*** Opening Dataset content ***

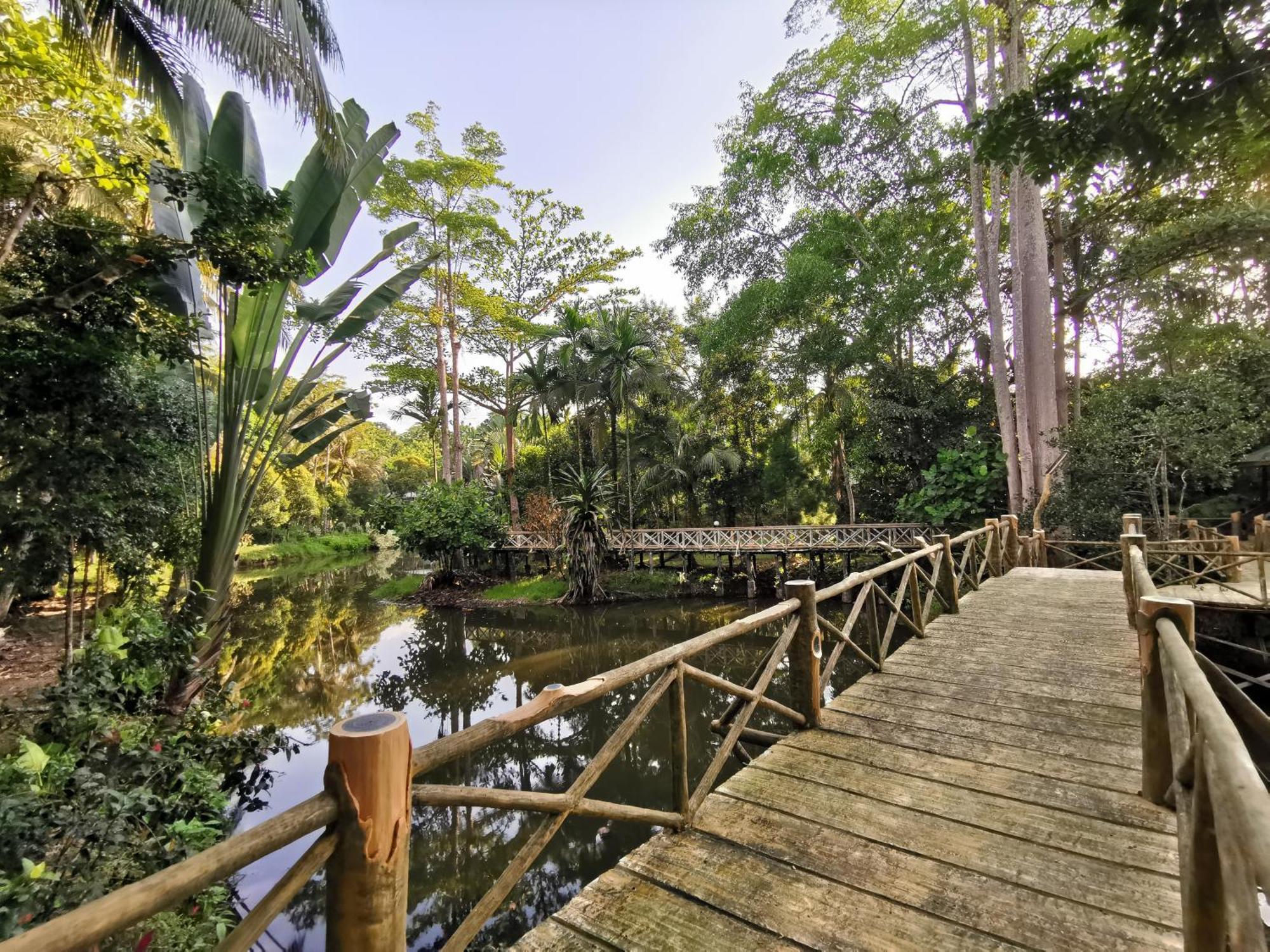 Sepilok Jungle Resort Exteriör bild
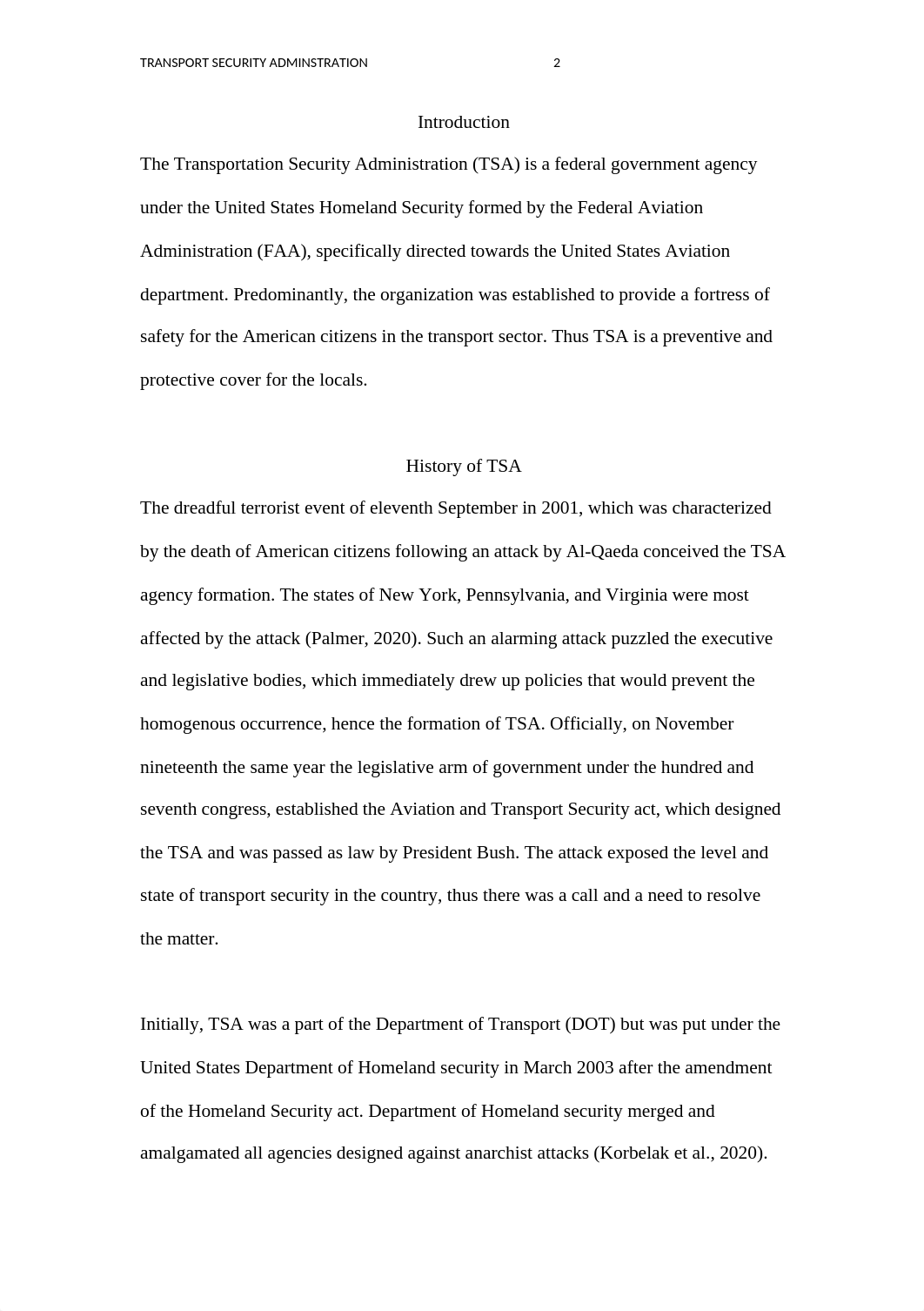 TRANSPORTATION SECURITY ADMINISTRATION.docx_df00io58zc8_page2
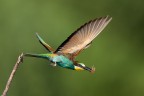 Volo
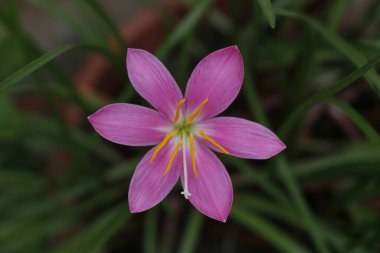 Yeşilliğin güzel arka planına sahip güzel pembe bir çiçek.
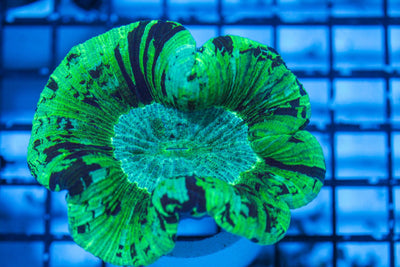 wholesale_coral - saltwater_fish saltwater_coral - rare corals - coralsdepot - Corals_Depot - live_corals - eye-catching-coral quality_marine_fish -quality-marine discoun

*** Closing Dataset content ***

- _Task objective_
Repeat all the records exactly, images excluded.

- _Solution to this problem_
 Sepilok Jungle Resort Exteriör bild
 TRANSPORTATION SECURITY ADMINISTRATION.docx_df00io58zc8_page2
 Volo
 Yeşilliğin güzel arka planına sahip güzel pembe bir çiçek.
 wholesale_coral - saltwater_fish saltwater_coral - rare corals - coralsdepot - Corals_Depot - live_corals - eye-catching-coral quality_marine_fish -quality-marine discoun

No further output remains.